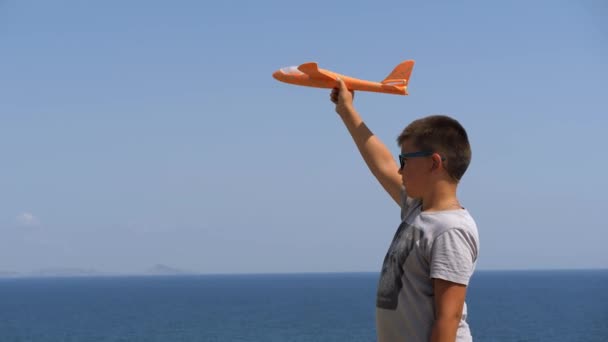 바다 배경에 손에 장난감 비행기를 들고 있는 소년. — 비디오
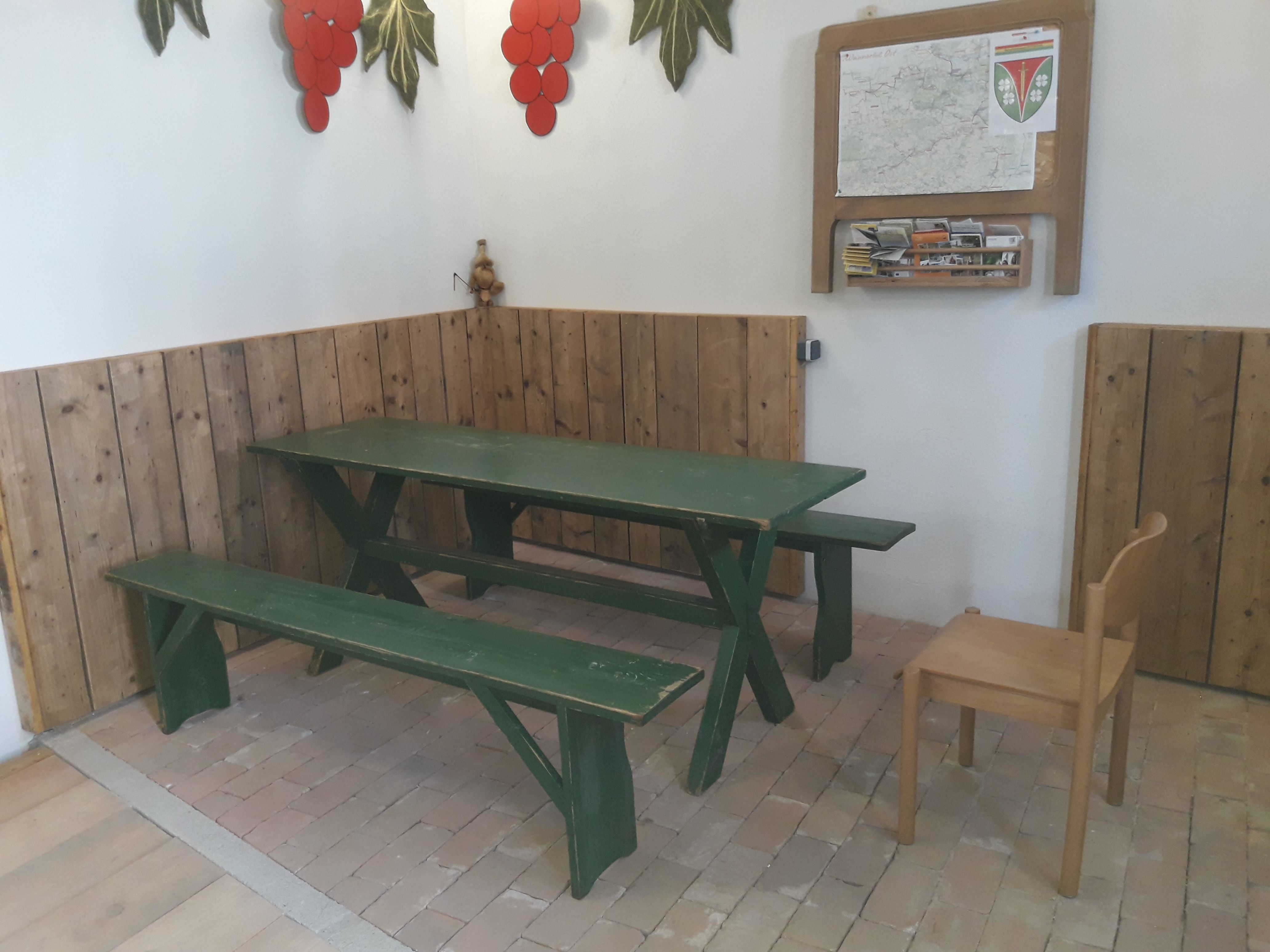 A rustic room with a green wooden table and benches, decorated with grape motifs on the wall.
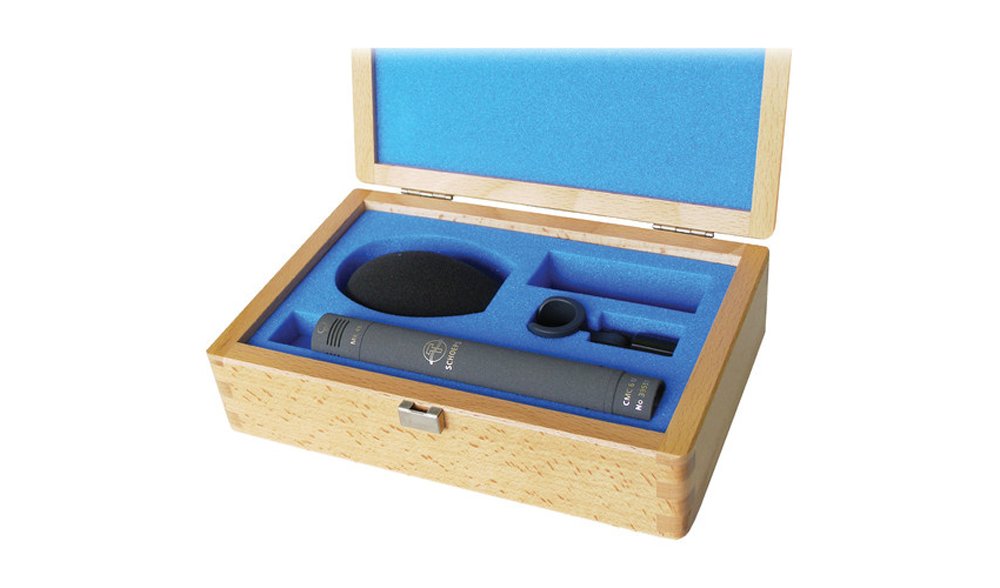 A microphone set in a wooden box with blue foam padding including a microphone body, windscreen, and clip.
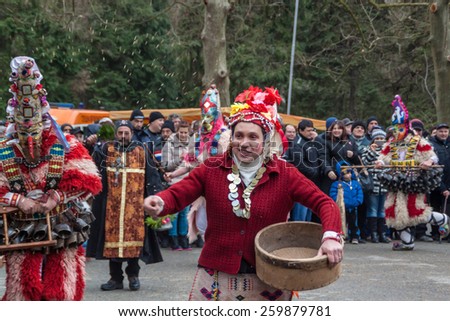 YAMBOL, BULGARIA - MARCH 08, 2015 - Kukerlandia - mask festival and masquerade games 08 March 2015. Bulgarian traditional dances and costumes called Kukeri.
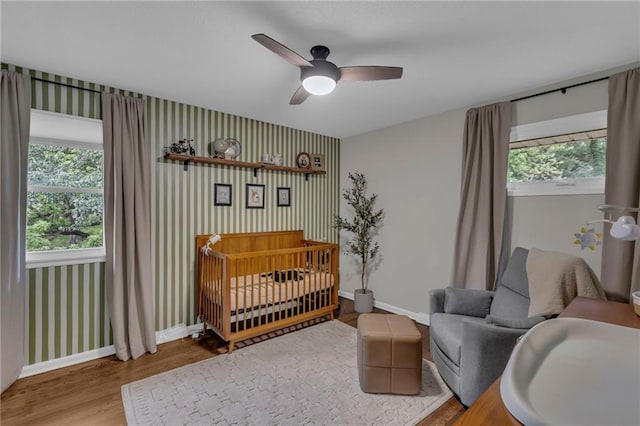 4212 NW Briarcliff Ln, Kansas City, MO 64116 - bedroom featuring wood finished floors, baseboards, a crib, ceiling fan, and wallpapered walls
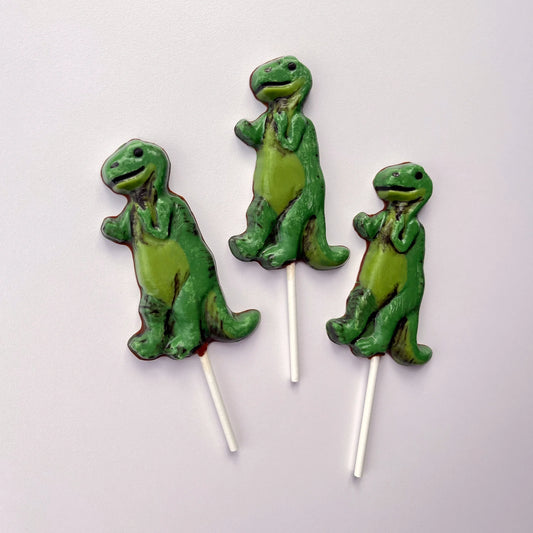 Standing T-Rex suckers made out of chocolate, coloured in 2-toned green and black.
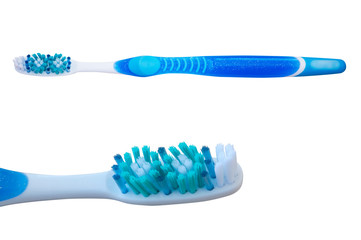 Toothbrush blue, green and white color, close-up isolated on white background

********

◆ **REQUIRED ACTION**
All that is needed is an exact copy of the lines from the line with "YAMBOL, BULGARIA - MARCH" through the end of the listing, both ends included, with no pictures.

◆ **TASK RESULT**
 YAMBOL, BULGARIA - MARCH 08, 2015 - Kukerlandia - mask festival and masquerade games 08 March 2015. Bulgarian traditional dances and costumes called Kukeri.
 4212 NW Briarcliff Ln, Kansas City, MO 64116 - bedroom featuring wood finished floors, baseboards, a crib, ceiling fan, and wallpapered walls
 Standing T-Rex suckers made out of chocolate, coloured in 2-toned green and black.
 Toothbrush blue, green and white color, close-up isolated on white background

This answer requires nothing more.